Feasting on exotic food while musing on the hidden and forbidden

Desiree L. Balota

EVEN as garnishing and plating are not the essentials of a culinary masterpiece, they undoubtedly play a great role in the invitation and persuasion of the otherwise reserved diner to generously partake of the beautiful meal. Owing to the irresistible blend of color and arrangement green leaves, firm noodles, and perfectly cut meat plus charming beverage in a glass that has a slice of fruit gracefully sitting on its side, the diner is enticed to try what the charming dish has to offer.

The sweetness of presentation not only mirrors but also echoes a revelation of the joy and artistry of cooking. In the world where text is the staple ingredient, the choice of what it will declare or challenge, ask or command is a vital decision along with how the text will be arranged and decorated as it is used to convey the chosen message.
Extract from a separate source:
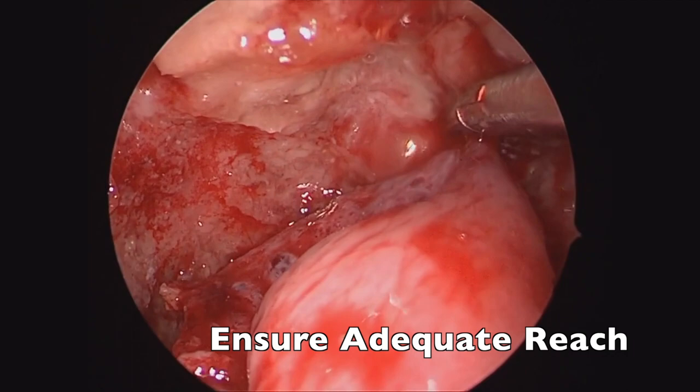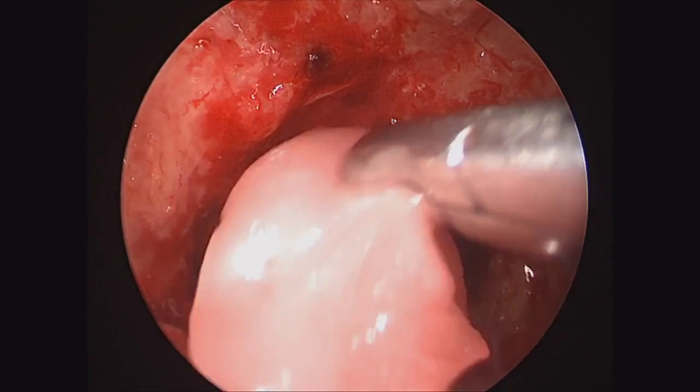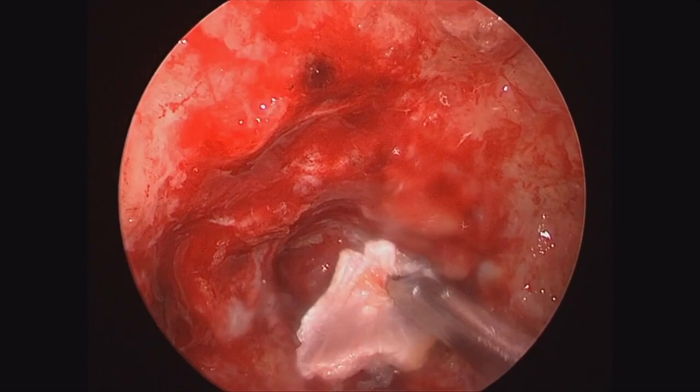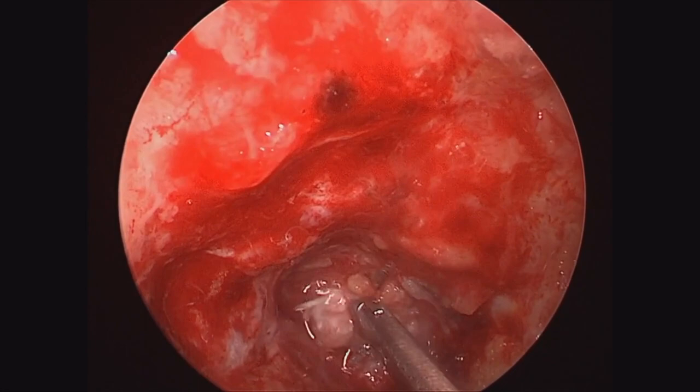Here we are just ensuring that it's going to reach our defect, which it will. Then we'll go ahead and place it into the nasal cavity or in the maxillary sinus for safekeeping while we work on the intradural work. Here's my neurosurgical partner, Dr. Van Gumpel, placing a Duragen inlay. We've already harvested our fascia lata, and we'll place that fascia lata in here as an inlay.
As perfecting a recipe is a necessity to both beginning cook and master chef, defining the right formula that would define a column’s success is of importance to them who write columns in newspapers and magazines.

Aiming to inform, persuade, instruct, or entertain, the columnist juggles thought and emotion with words that could most ably deliver the goods that are sound reason, firm conviction, or profound philosophy to an absentee and silent yet intent and responsive audience. With this in cautious and dedicated consideration, the columnist incorporates flavor and spice to secure an audience that is captivated and sustained and consequently attentive or maybe better yet converted into the faith that could move him or her spread the word around.

Inevitably charming and decidedly attention-grabbing and sustaining even without the garnish of delightful prose or verse openings is the topic of the hidden and the forbidden.

And since these subjects are not particularly novel, the choice of what to unveil or reveal is particularly crucial. The comments and reactions to columns that challenge the popular, powerful, and the perpetual, say columns the likes of Jaime Licauco’s and Danton Remoto’s display how a column can succeed in capturing a steady and attentive audience who are most likely to react to and share what they have read. With this, a following is defined and increased.

Making the unpopular, one that is hidden and forbidden, as the essential in the dish of exposition and how to do its presentation is enough to enough to stir emotions and challenge beliefs. The interest and the intrigue spawned by the topic itself and the writer who, with full confidence and conviction, decides to expose what has been veiled and shut for a long time will be looked into, and, in the process analyze the commonalities of structure and semantics that spell a gripping combination.

Broadcasting one’s thoughts on paper is like making known the hidden delicacies that seek the affirmation or recommendation or, at least, the attention of the diners who partake of the feast of flavors in the dish well-plated through the columnist’s servings of soups entrées of introductions, salads and viands of expositions, and fruits and icings of clinchers. When this delicacy passes the first of taste tests, then for sure, like any regular diner, the reader is left wanting for more as he or she prays for a platter perpetually full of the distinct and trademark dish that is the columnist’s consistent and subject and style.

When the combination is successful, no matter how uncommon or unpopular the topic is, like what well-prepared exotic dishes are to the taste of the conservative diner, the said topic will always find way in conversations whether actual or virtual, real or imagined. It is, though arguably, by this same token that the hidden and the forbidden attracts dedicated and dynamic following. After all, when a promise or even a suggestion of clarity and enlightenment is articulated as facts and finds that have never been put out or viewed the way they were before are laid on the table, a stir that births a voice loud enough to bring even the decidedly apathetic and the deliberately deaf to attention is in the offing.

And when this voice is assumed by personalities who have a way with words, the voice is not only loud but also drawingly smooth thereby making it all the more difficult to dismiss. And from this, we experience that we should not stop at taste tests.